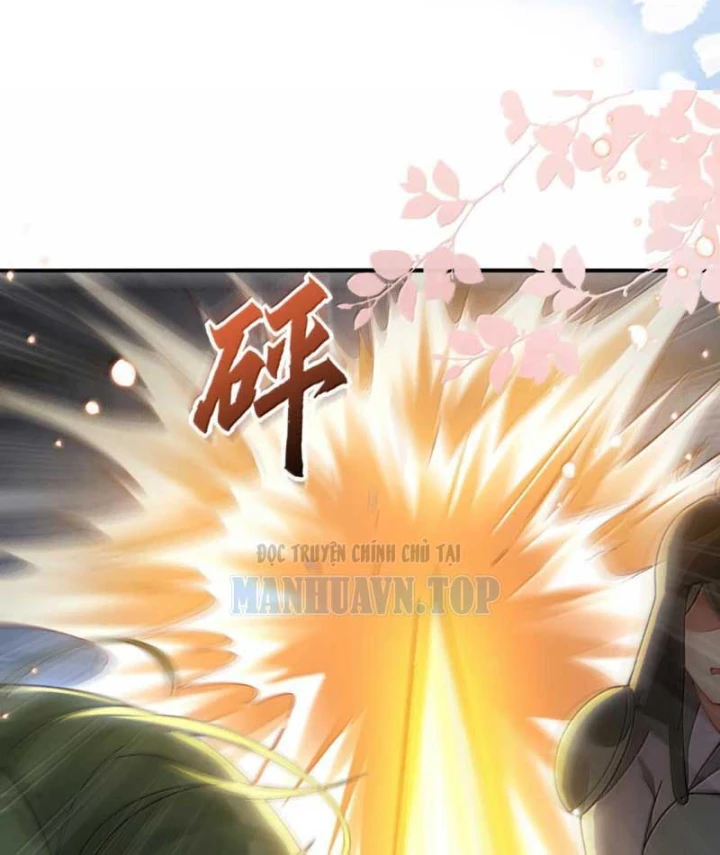Nữ Đế? Ta chỉ cùng nương tử yêu đương! Chapter 38 - Trang 28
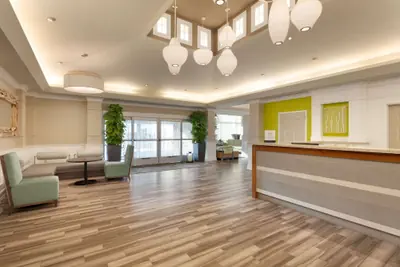 Photo 3 - Hilton Garden Inn Ithaca
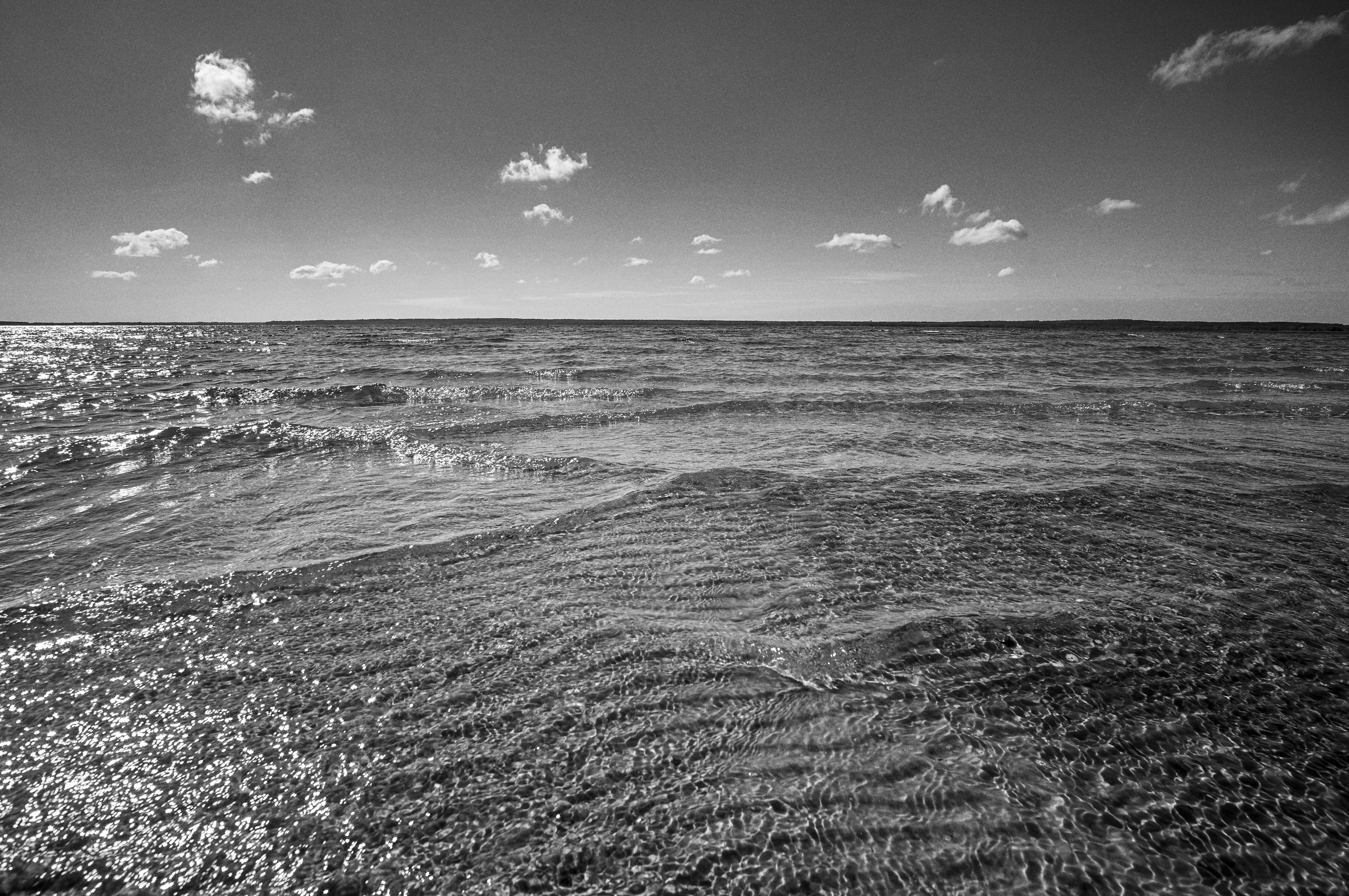 Браслав 2015. Фотограф Антон Швец — Монохромная реальность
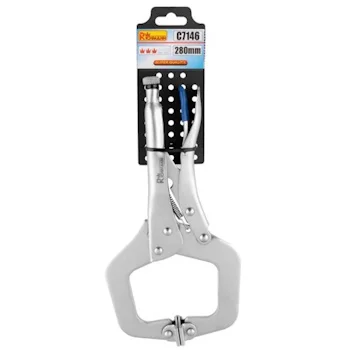Richmann grip klešta C-tip 280mm C7146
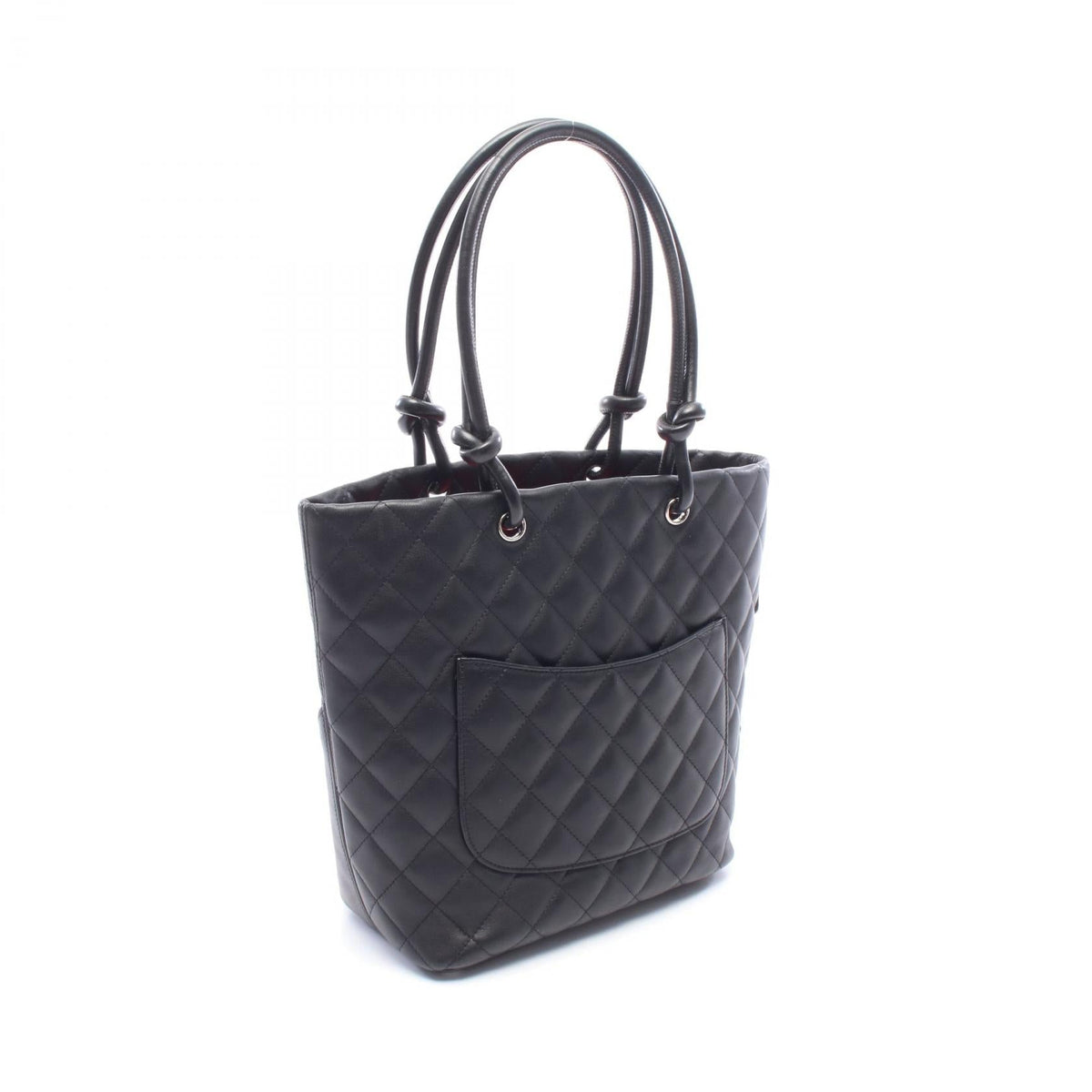 Chanel Cambon · Medium Tote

• Exercise description: From the first record to the last, print everything again exactly, without pictures.

• Answer to this task:
Nữ Đế? Ta chỉ cùng nương tử yêu đương! Chapter 38 - Trang 28
 Photo 3 - Hilton Garden Inn Ithaca
 Браслав 2015. Фотограф Антон Швец — Монохромная реальность
Richmann grip klešta C-tip 280mm C7146
 Chanel Cambon · Medium Tote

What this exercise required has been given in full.